Lundi, les organisations socioprofessionnelles de la presse nigérienne retrouvent les accents de l’époque de la dérive autoritaire du Président Tandja, en 2009.
«Samedi matin vers 10 heures, alors que les violentes manifestations anti Charlie Hebdo plongeaient la capitale dans le chaos, des éléments de la police ont eu le temps, non pas de protéger les citoyens et leurs biens, mais de se présenter au groupe de presse Radio Télévision Ténéré pour faire arrêter les programmes en cours sans aucune autorisation.» L’ordre venait « d’en haut », ont dit sans plus de précisions les policiers. Le groupe Dounia, pourtant dirigé depuis son rachat par le conseiller en communication du chef de l’Etat, essuie également des tirs de gaz lacrymogènes. Le dimanche, 8 journalistes qui couvrent la manifestation interdite sont pris à partie et tabassés par la police et la garde nationale. Le même jour, le groupe de presse Bonferey est envahi par la police qui investit les lieux et matraque un réalisateur et un journaliste.

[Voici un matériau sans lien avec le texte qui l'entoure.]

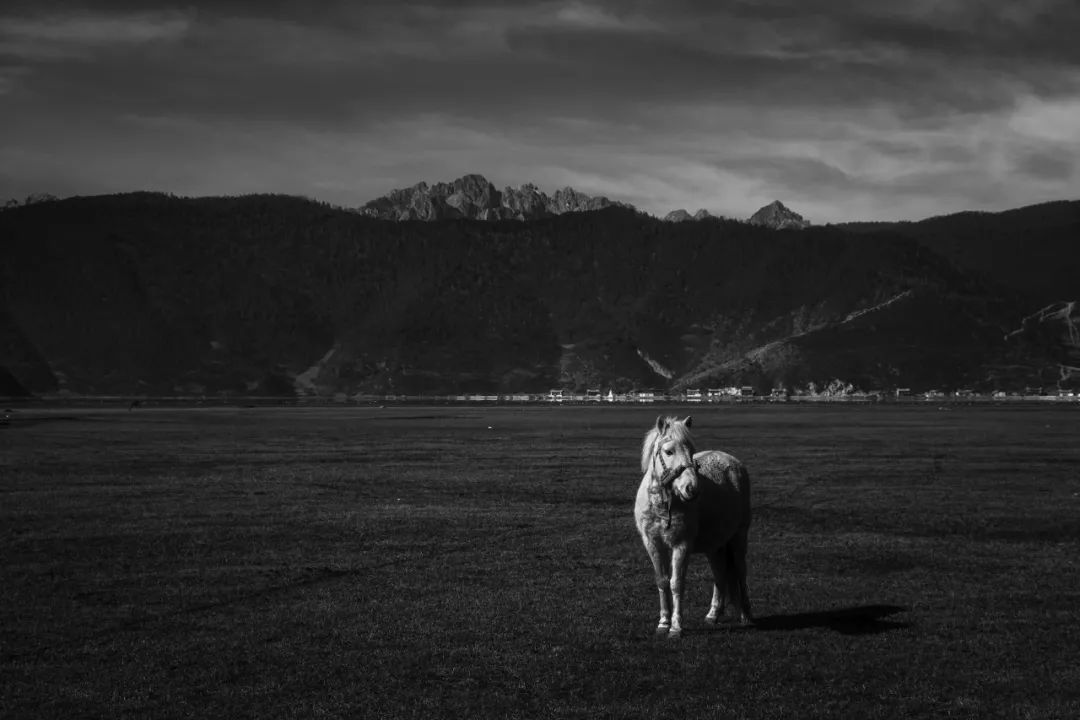色彩调色技法与方法,色彩调色技巧与方法笔记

Les journalistes, furieux, annoncent un boycott des activités des forces de défense et de sécurité, supposées les protéger pendant les manifestations, et une action « Ecran noir et silence radio » pour le 20 janvier à 20 heures. Une plainte est également déposée. Qu’à cela ne tienne : les autorités ont trouvé les auteurs de ce désastre. L’opposition, évidemment, qui complote à l’insurrection pour renverser le pouvoir.
Le ministre des Affaires Etrangères, Mohamed Bazoum, dont la maison a été incendiée à Gouré, près de Zinder, accuse le leader zindérois Mahamane Ousmane, réputé « marabout » d’être le propriétaire d’un bar, voire d’une maison de passes, qui serait la seule à n’avoir pas été détruite. En réalité, l’établissement est fermé depuis des mois.
Un deuil national de trois jours a été décrété lundi. Cela n’a pas empêché le ministre de l’Intérieur, Hassoumi Massaoudou, de faire la nique au MNSD : l’aile dissidente, animée par Albadé Abouba, vient de voir son congrès validé mardi. Histoire de faire encore un peu monter la tension.